Grocery store business Model
Generally, a convenience store or grocery store is a small retail business that stocks a range of everyday items such as coffee, groceries, snack foods, confectionery, soft drinks, tobacco products, over-the-counter drugs, toiletries, newspapers, and magazines.
Grocery stores are popularly called retail stores or convenience stores. Convenience stores make money by buying goods and selling those goods to customers.
Typically, convenience stores sell things such as snacks, soft drinks, car accessories, lottery tickets, tobacco, sometimes alcohol.
Your profit represents the amount of money you have taken in after you have subtracted how much you paid for these goods as well as any operational expenses accrued throughout the month.
Cost of goods sold for a Grocery store
Cost of goods sold refers to direct cost attributable to the production of the goods sold in a company. Simply putting together, it refers to the cost of all the products a grocery store purchases and sells in a given time period.
It is basically the direct materials, direct labor, and direct expenses involved in reselling the products. These are easily traceable costs and can be easily identifiable from the products.
The other costs that cannot be easily traceable and cannot be linked to the product are not associated with being the cost of goods sold.

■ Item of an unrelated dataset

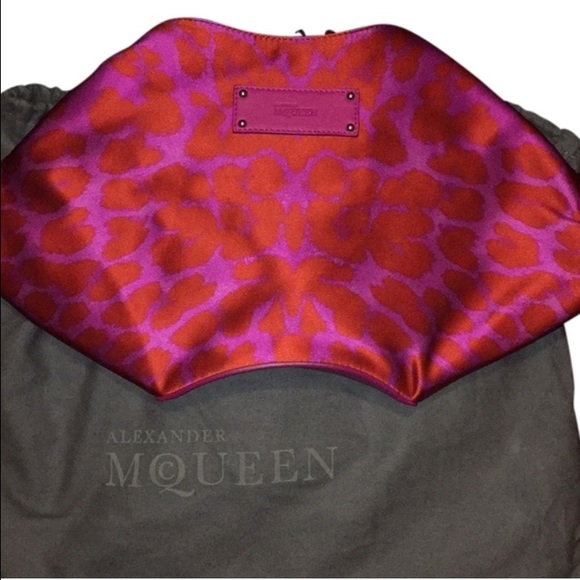 Alexander McQueen Clutch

The COGS for grocery stores remain nearly same unlike other business structures where it changes over time, and the business can witness completely different number when comparing your COGS for one shift to your COGS for an entire year.

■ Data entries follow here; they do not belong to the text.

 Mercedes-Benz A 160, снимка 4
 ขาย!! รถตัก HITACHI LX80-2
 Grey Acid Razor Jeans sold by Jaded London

Various aspects relating to grocery stores shall be analyzed over time by the business owner as the Cost of inventory changes regularly in the grocery store.
How to Calculate the Cost of Goods Sold for a Grocery store?
The cost of goods sold formula is as follows:
Beginning Inventory + Purchased Inventory – Ending Inventory = Cost of Goods Sold (COGS)
Taking an example. The grocery store of Adams Inc based downtown had $9,000 of opening inventory at the start of the month, including food, drinks, chips, and other materials basically anything and everything it takes to sell to retailers.
Throughout the reporting period, the business ordered $24,000 of additional inventory and ended the month with $6,000 worth of inventory.
Beginning Inventory: $9,000
Purchased Inventory: $24,000
Ending Inventory: $6,000
Then, plugging those numbers into the grocery store, cost of goods sold equation, we get this:
Cost of Goods Sold = Beginning Inventory + Purchased Inventory – Ending Inventory
Cost of Goods Sold = $9,000 + $24,000 – $6,000
Cost of Goods Sold = $27,000
In this simple example, cost of goods sold comes at $ 27,000.
Generally, it is observed in the grocery stores, that cost of goods sold shall be limited up to 80-85% of sales at most. This is because of the reason that grocery stores are pure retailers of all the products that large FMCG companies produce and wants to sell.